I have Mountain Horse winters and they are super warm! Too warm for training hard inside! I have to use my regular riding boots because the winter ones are too hot. I will use them when I am outside or trail riding.


----------



## horselessmom (Apr 20, 2012)

hemms said:


> If the big winter boot search fails, I would suggest Mark's Work Wearhouse, if you have one... A little more $ than the knock-offs but still much less than actual riding boots. Their house brand, Wind River, is great quality. They have smaller, lace-up winter boots that still offer great warmth.
> 
> They also have all the socks needed for 'The Sock System'.
> _Posted via Mobile Device_


We have it nearby, thanks! We are actually ready to go now and do some shopping. Hopefully on a budget. :lol:


----------



## horselessmom (Apr 20, 2012)

Strawberry4Me said:


> I have Mountain Horse winters and they are super warm! Too warm for training hard inside! I have to use my regular riding boots because the winter ones are too hot. I will use them when I am outside or trail riding.


Thanks! What temperatures?


----------



## Strawberry4Me (Sep 13, 2012)

horselessmom said:


> Thanks! What temperatures?


 winters here range from 40 degrees to -20 degrees. Even in the negatives, the winter Mountain Horse boots a very warm!


----------



## Saddlebag (Jan 17, 2011)

My hubby used to work the high steel in very cold temperatures. His trick for keeping his feet warm was to allow his boots to freeze and he made sure his feet were bone dry as he put on his socks and boots.
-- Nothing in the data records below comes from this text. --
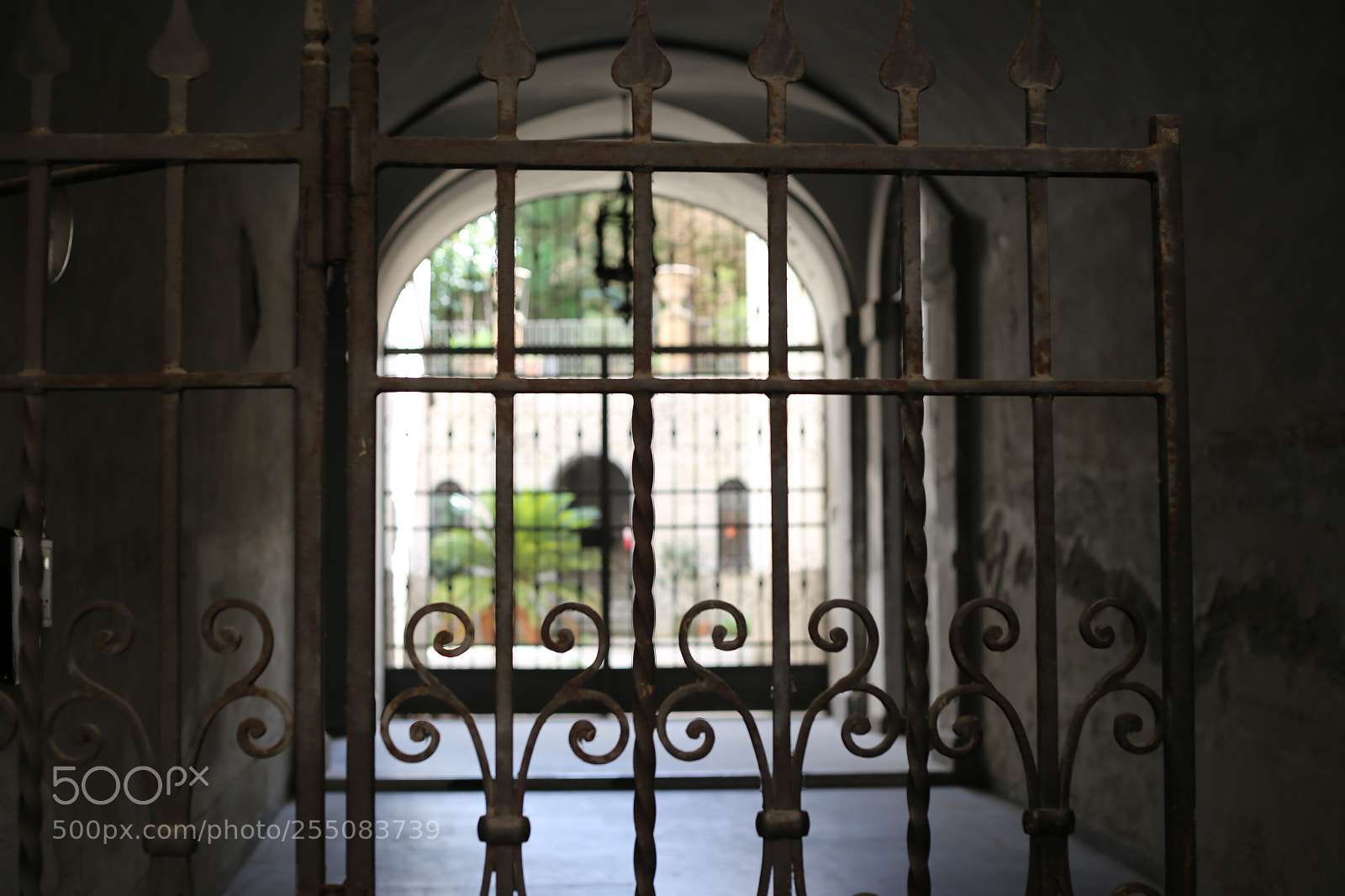 Canon EOS 6D + Canon EF 50mm F1.8 II sample photo. Trip to umbria tuscany photography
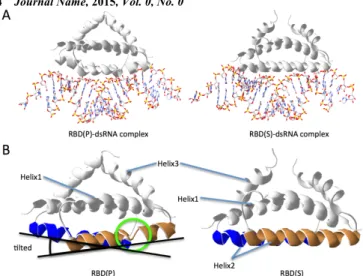 Figure 4. Difference in local structures of the RBD-dsRNA complexes. 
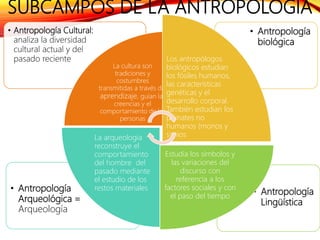 SUBCAMPOS DE LA ANTROPOLOGÍA
• Antropología
Lingüística
• Antropología
Arqueológica =
Arqueología
• Antropología
biológica
• Antropología Cultural:
analiza la diversidad
cultural actual y del
pasado reciente
La cultura son
tradiciones y
costumbres
transmitidas a través del
aprendizaje, guían las
creencias y el
comportamiento de las
personas
Los antropólogos
biológicos estudian
los fósiles humanos,
las características
genéticas y el
desarrollo corporal.
También estudian los
primates no
humanos (monos y
simios
Estudia los símbolos y
las variaciones del
discurso con
referencia a los
factores sociales y con
el paso del tiempo
La arqueología
reconstruye el
comportamiento
del hombre del
pasado mediante
el estudio de los
restos materiales
 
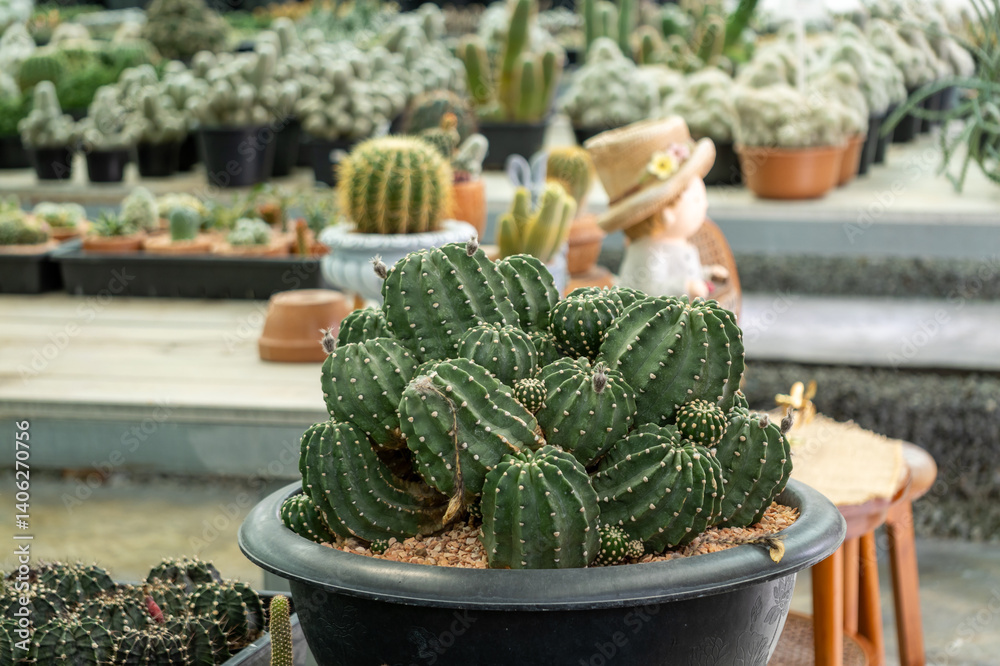 Indoor environment cactus showcase botanical center plant display inspiration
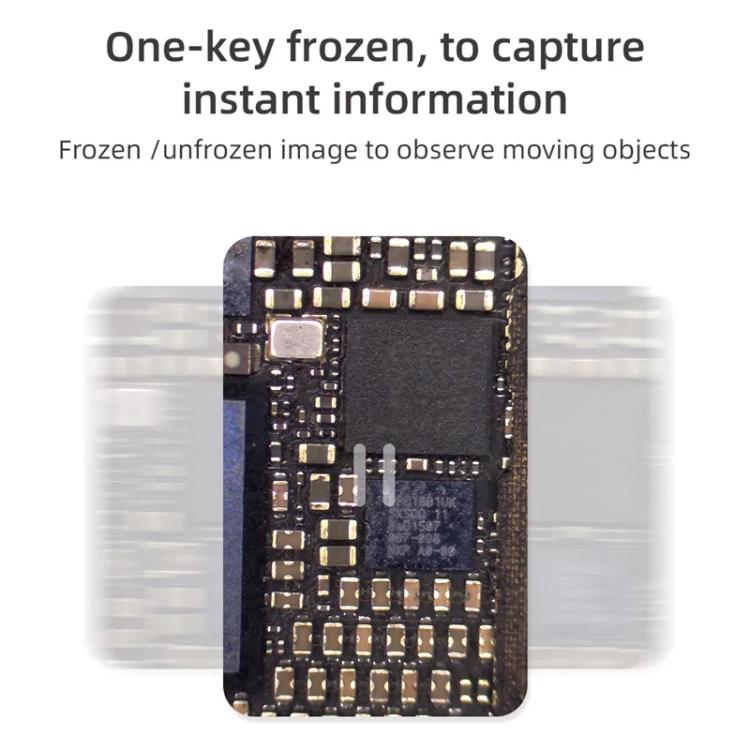 EDA0090033_10.jpg@2f69a09194b5e689e9fc65a69b197dcc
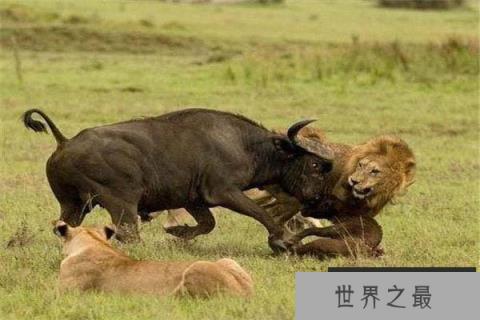世界上最小的一种水牛，低地水牛肩高不超1米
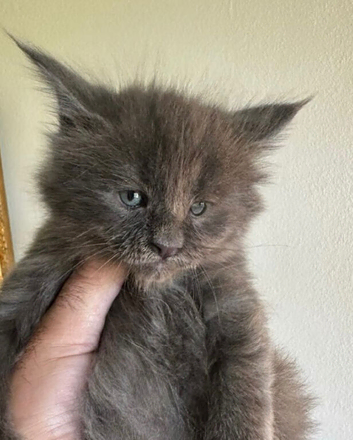 Tica Registered Polydactyl Maine Coons
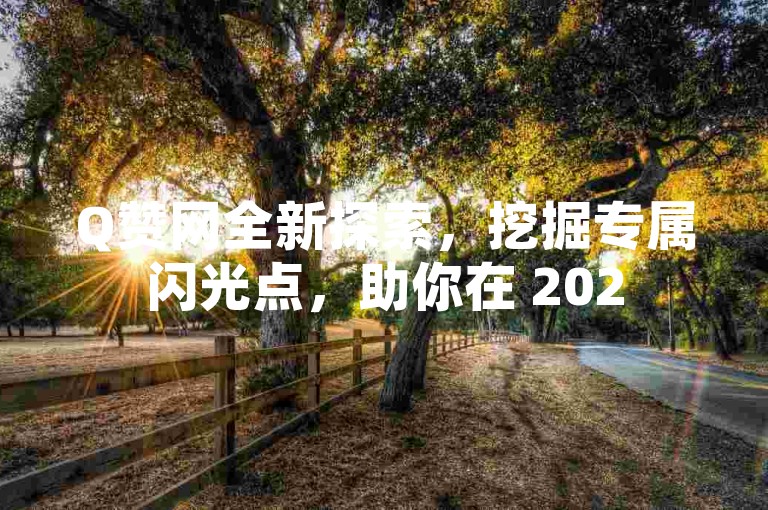 Q赞网全新探索，挖掘专属闪光点，助你在 2025 年大放异彩！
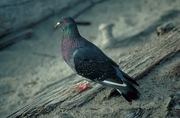  Pigeon Magnet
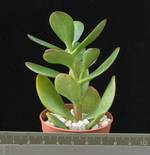 Crassula arborescens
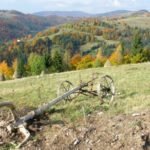 Tara Motilor Apuseni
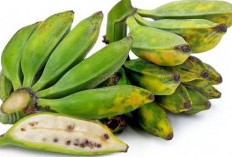 Pisang Batu Miliki Ragam Jenis dengan Karakteristiknya Masing-masing, Cek Disini!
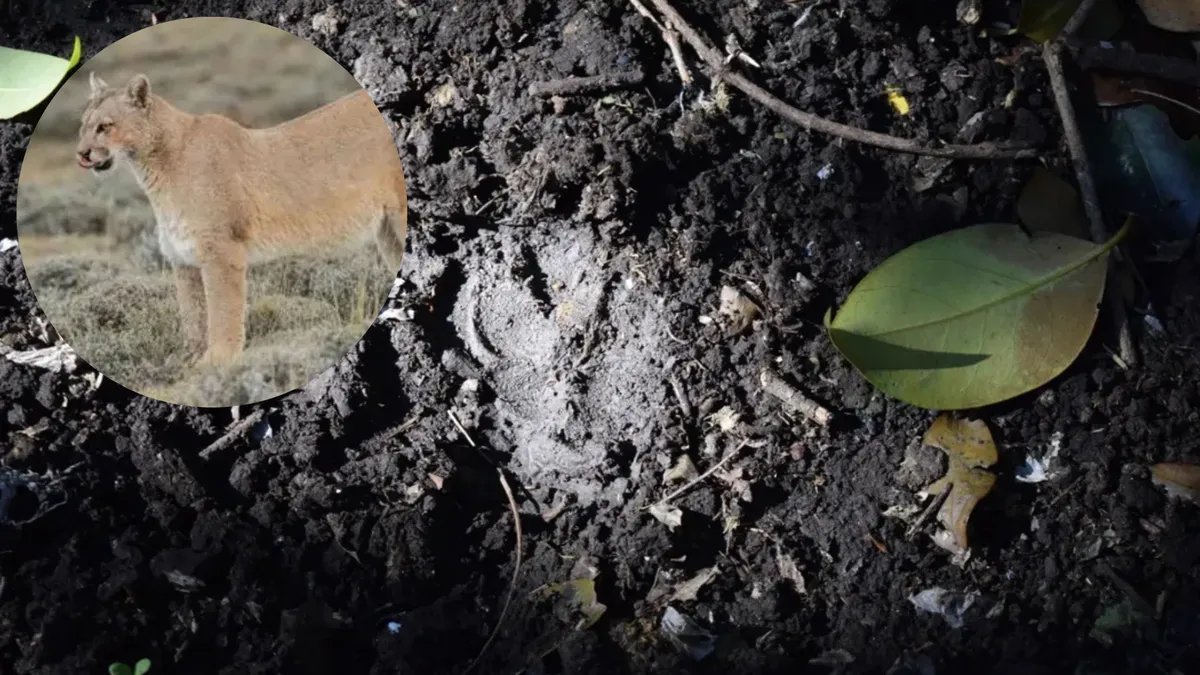 C&oacute;mo sigue el caso del puma suelto en Moreno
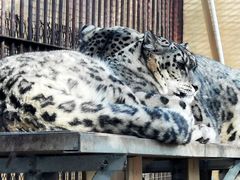 -青藏高原野生动物园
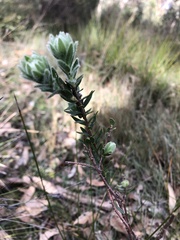 Pimelea octophylla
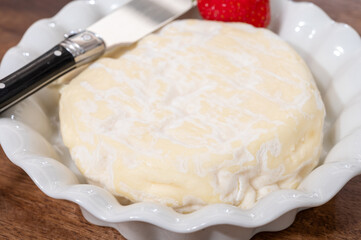 French cheeses collection, Saint-Felicien cow's milk cheese with white mold from Rhone-Alpes region of France
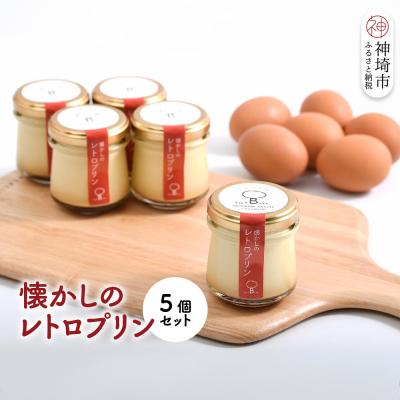 ふるさと納税 神埼市 えこびとの懐かしのレトロプリン5個セット(H037139)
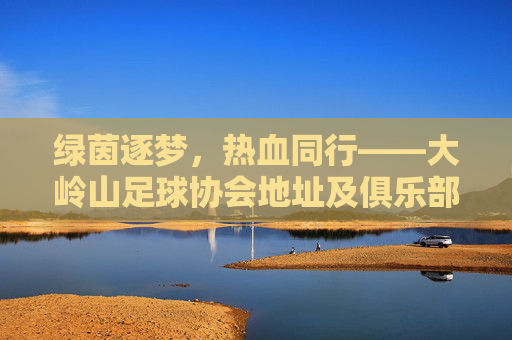 绿茵逐梦，热血同行——大岭山足球协会地址及俱乐部全攻略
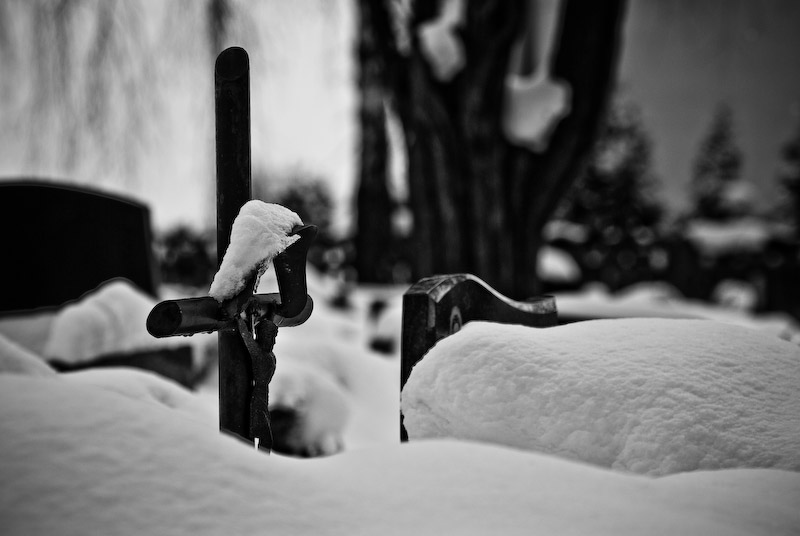 Cementery, Winter 2009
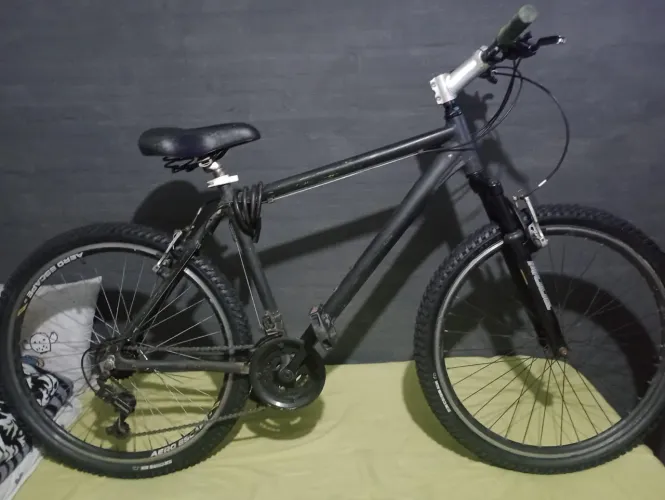 Bicicleta 20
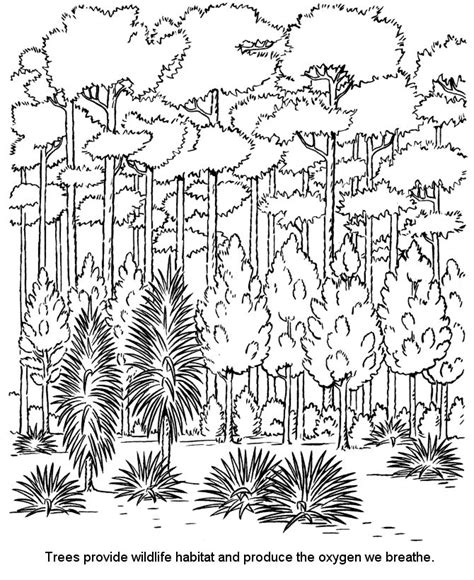 forest coloring pages  coloring pages  kids forest coloring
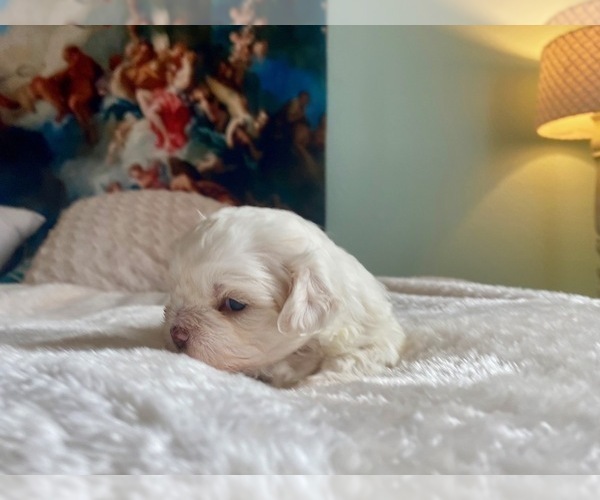 Medium Photo #2 ShihPoo-Zuchon Mix Puppy For Sale in GALENA, NV, USA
Moisture inside the boot contributes to cold feet. I have walked outside in -25* wearing thin suede moccasins and as long as my feet were moving they were toasty warm. Moisture from my feet escaped thro the leather.


----------



## horselessmom (Apr 20, 2012)

I got her a pair of Mountain Horse, a size too big, so that they will last until next winter, I hope. With the sale on, it seemed like a good deal. Thank you for all the feedback and advice! Got her a pair of nylon socks and her possum socks are on the way as well. With my luck, we are going to have an early spring, and I'll be spending another $100 on her "summer" boots in March. :twisted: But then the entire Canada will be thanking me for making sure spring was on schedule, so I don't mind. :lol:


----------



## hemms (Apr 18, 2012)

Strawberry4Me said:


> winters here range from 40 degrees to -20 degrees. Even in the negatives, the winter Mountain Horse boots a very warm!


Forgive me, but is this Celcius or Fahrenheit? Very different meanings.
_Posted via Mobile Device_


----------



## Strawberry4Me (Sep 13, 2012)

Fahrenheit. Sorry about that!!


----------